President Donald Trump knew about a bombshell whistleblower complaint that exposed his pressure campaign against Ukraine when he decided to release a withheld military aid package to Kyiv, The New York Times reported.
White House lawyers told the president in late August about the complaint, which blew the whistle on Trump's July 25 phone call with Ukrainian President Volodymyr Zelenskiy and spurred House Democrats to launch an impeachment inquiry, two people familiar with the matter told the Times. The aid was delivered to Ukraine in mid-September.
The lawyers explained to Trump that they were trying to determine whether they were legally required to hand the complaint over to Congress, the Times reported Tuesday.
Trump, who denies any wrongdoing, has said his July 25 conversation was a "perfect" call, in which he asked Zelenskiy to "look into" former Vice President Joe Biden and his son Hunter, as well as a debunked conspiracy theory that Ukraine framed Russia for hacking Democrats' emails in 2016.
Democrats are investigating whether Trump abused his power by pressuring Ukraine to announce the investigations into his political rivals while hundreds of millions of dollars in military aid was being delayed without clear explanation.
Republicans have defended Trump throughout the impeachment proceedings in the House by noting that the aid was eventually released after initially being held up.
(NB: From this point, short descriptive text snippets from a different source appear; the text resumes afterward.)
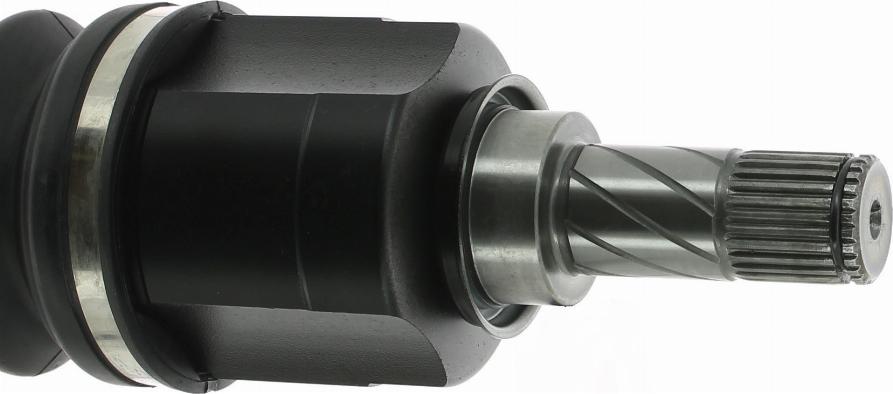 Friesen FDS2459 - Полуоска vvparts.bg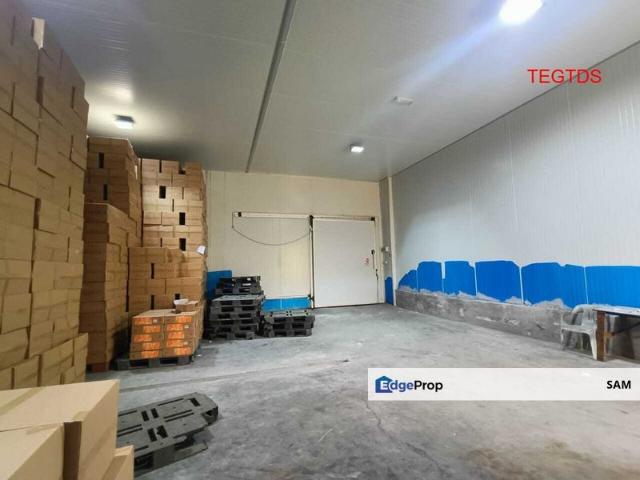 Warehouse for sale in Port Klang, Selangor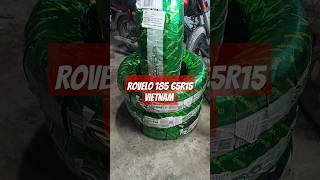 Rovelo 185 65R15 Vietnam 🇻🇳 available at AyubRimTyreHouse hondacity youtubeshorts shorts [upl. by Weed504]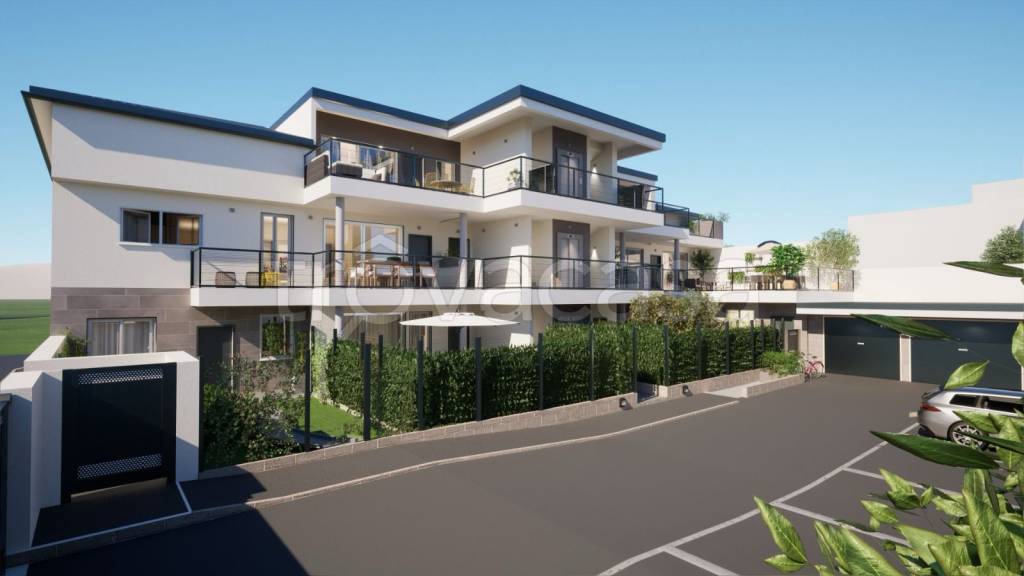 appartamento in vendita a Monza in zona Centro Storico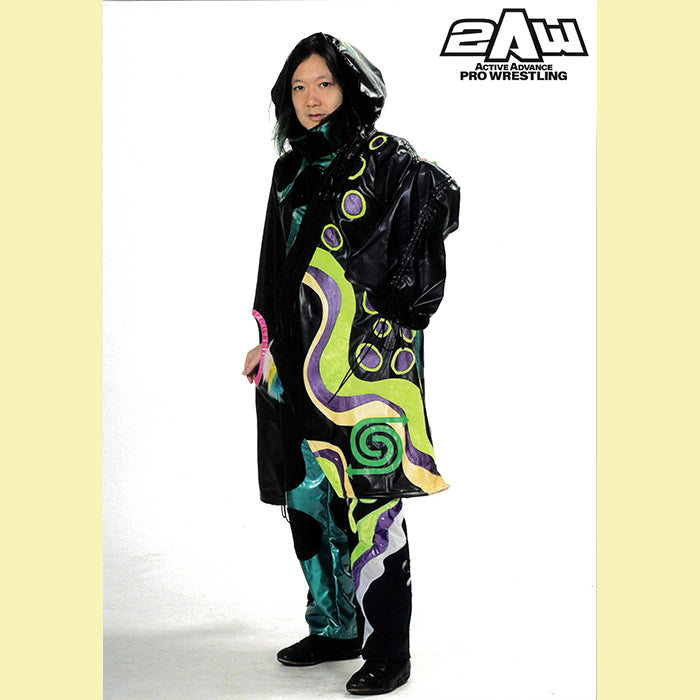 ポートレート　本田アユム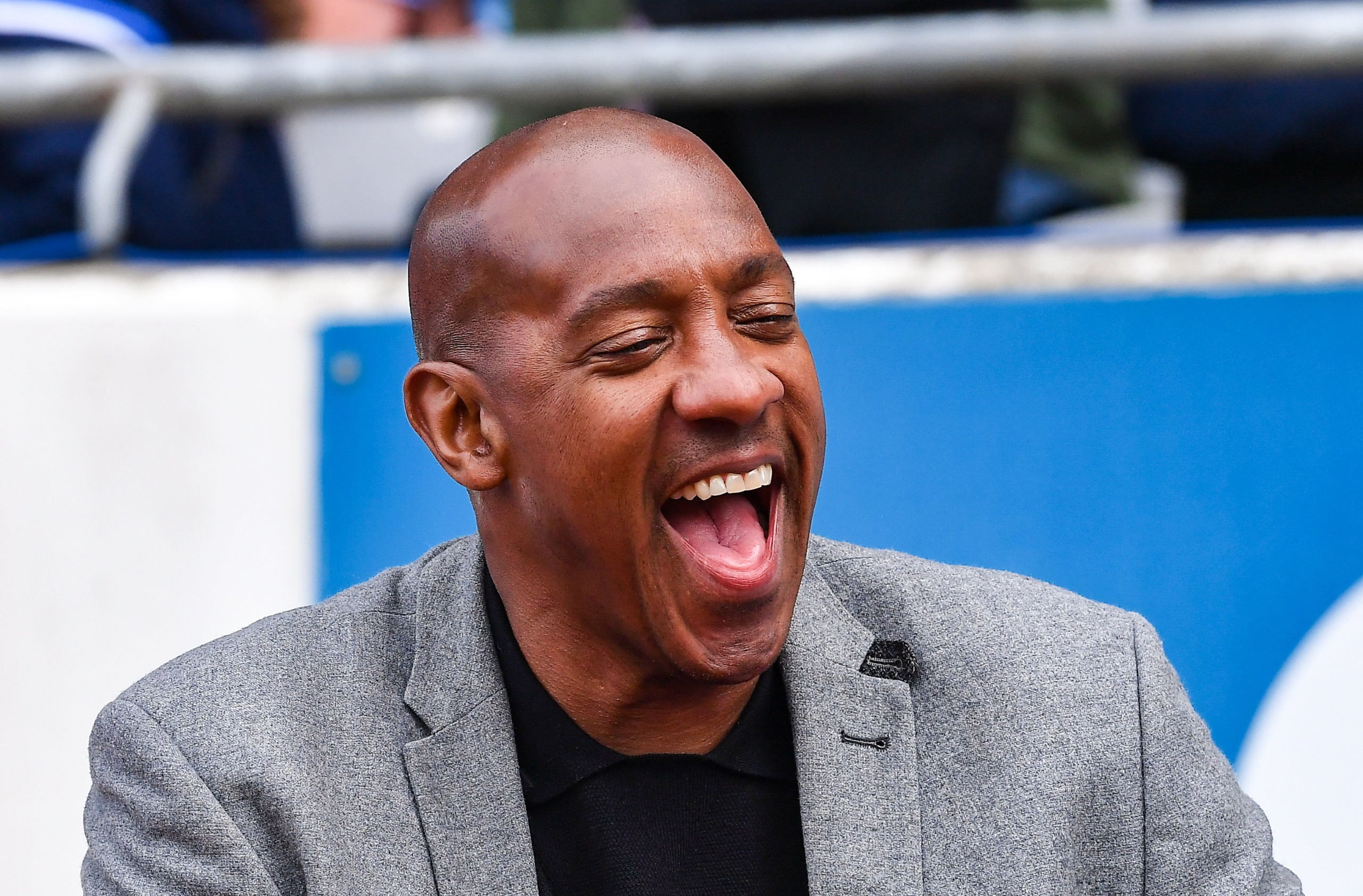 Dion Dublin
Some witnesses in the probe testified before the House Intelligence Committee that they were told Trump himself ordered the aid be frozen.
But the Times' report sheds new light on why Trump may have suddenly reversed course on the holdup of Ukraine aid, which was crucial to that country's ongoing war with Russia.
The impeachment inquiry, meanwhile, is entering its next phase in the House Judiciary Committee, where Trump will have the option to participate for the first time.